Sauce made from the drippings of cooked meat. Known for making all food delicious.
Making gravy is super simple, but it occurred to me that not everyone knows how. These directions are for (a small) chicken gravy and I've even broken it down into steps for added simplicity.
Step 1: Prepare the bird.
In the bottom of my roasting pan, I put: 1/2 onion, 2 garlic cloves, 1 celery and 1 carrot; all cut into chunks. I then add two bay leaves, a carton of chicken broth (sodium reduced) and salt, thyme and lots of pepper on the chicken.
Step 2: Cook the bird.
Cook at 400F for 20-30 minutes uncovered, then cover and bake at 300F until cooked. (Times will vary depending on size of bird but I always give myself 3 hours, which is more then enough.) The bird is cooked when it has reached an internal temperature of 185F. It's usually doing the splits at this point.
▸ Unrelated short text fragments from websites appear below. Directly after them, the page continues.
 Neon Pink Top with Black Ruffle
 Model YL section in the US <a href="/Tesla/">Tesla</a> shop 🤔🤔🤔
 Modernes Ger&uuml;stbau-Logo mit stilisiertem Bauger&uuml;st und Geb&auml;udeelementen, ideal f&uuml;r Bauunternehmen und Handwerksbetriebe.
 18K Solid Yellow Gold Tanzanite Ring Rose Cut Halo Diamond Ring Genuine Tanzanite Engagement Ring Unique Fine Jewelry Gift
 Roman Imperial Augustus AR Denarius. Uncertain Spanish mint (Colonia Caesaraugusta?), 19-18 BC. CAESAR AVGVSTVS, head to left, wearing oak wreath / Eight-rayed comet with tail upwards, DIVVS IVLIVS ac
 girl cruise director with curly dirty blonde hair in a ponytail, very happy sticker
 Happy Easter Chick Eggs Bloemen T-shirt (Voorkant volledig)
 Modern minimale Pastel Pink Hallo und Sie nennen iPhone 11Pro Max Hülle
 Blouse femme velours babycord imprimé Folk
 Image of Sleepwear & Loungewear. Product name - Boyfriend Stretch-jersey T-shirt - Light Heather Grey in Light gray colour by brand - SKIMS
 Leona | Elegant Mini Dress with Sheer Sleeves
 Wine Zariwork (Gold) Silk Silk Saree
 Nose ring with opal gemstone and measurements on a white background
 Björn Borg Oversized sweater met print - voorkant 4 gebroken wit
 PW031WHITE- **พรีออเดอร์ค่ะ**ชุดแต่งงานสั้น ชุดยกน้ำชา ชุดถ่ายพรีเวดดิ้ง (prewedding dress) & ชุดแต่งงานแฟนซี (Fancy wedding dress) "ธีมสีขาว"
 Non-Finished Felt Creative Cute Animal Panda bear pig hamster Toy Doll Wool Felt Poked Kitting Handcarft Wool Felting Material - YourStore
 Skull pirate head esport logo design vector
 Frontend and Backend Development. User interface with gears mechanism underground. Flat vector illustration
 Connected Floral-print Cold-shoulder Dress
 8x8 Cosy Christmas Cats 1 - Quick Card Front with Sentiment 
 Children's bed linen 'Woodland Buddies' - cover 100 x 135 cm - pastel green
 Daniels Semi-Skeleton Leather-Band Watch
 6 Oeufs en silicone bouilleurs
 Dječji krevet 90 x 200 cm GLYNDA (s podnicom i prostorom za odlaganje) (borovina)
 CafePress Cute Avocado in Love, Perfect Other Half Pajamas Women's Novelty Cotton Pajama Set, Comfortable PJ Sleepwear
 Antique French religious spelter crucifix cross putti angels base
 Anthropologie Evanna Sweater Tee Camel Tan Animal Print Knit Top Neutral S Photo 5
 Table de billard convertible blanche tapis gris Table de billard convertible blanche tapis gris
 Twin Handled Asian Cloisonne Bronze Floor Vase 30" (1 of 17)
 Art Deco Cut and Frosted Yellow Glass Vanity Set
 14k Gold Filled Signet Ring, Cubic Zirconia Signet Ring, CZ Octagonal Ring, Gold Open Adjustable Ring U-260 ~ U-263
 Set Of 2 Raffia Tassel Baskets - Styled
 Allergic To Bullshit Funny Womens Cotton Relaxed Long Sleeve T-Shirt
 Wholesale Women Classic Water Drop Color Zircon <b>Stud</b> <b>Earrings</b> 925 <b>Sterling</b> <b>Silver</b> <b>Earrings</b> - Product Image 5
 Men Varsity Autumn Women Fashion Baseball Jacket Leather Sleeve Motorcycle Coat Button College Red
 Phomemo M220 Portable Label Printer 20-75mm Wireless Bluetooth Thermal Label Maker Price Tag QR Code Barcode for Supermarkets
Step 3: Separate the stock
Once the bird is cooked, remove from pan and tent it (place foil over top) on a plate so it can rest. Remove the big bits from the stock and let the stock sit, so it will separate. The fat will float to the top, with the stock staying in the bottom.
Optional Step, part A: Make a roux: Gently spoon out the fat and put in a small saucepan. Add in a tbsp or two of Bisto Savoury Gravy or you can simply use flour. Cook on medium heat for a couple minutes, whisking constantly. It may become chunky, that's normal but do not brown the flour if you go that route.
Optional Step, part B: Add in the remainder of your stock and continue heating, whisking frequently. Any chunks should disappear with the whisking. Bring to a gentle boil (you may need to turn down the heat). Proceed to step 5.
Step 4: Gently spoon off some of the fat and discard. Place stock in a sauce pan over medium heat, whisking frequently. Bring to a gentle boil.
Step 5: Make a slurry: put a heaping tablespoon of cornstarch in a mug, add enough water to dissolve it completely (1/4 to 1/3 cup). Slowly pour small amounts of your cornstarch mixture into the stock while whisking. You'll notice it thicken as it boils. It must boil to thicken. If after adding all of your slurry, you find the gravy not thick enough, make more and add it in (just remember, the gravy will thicken slightly as it cools).
Congratulations!! You've made gravy!!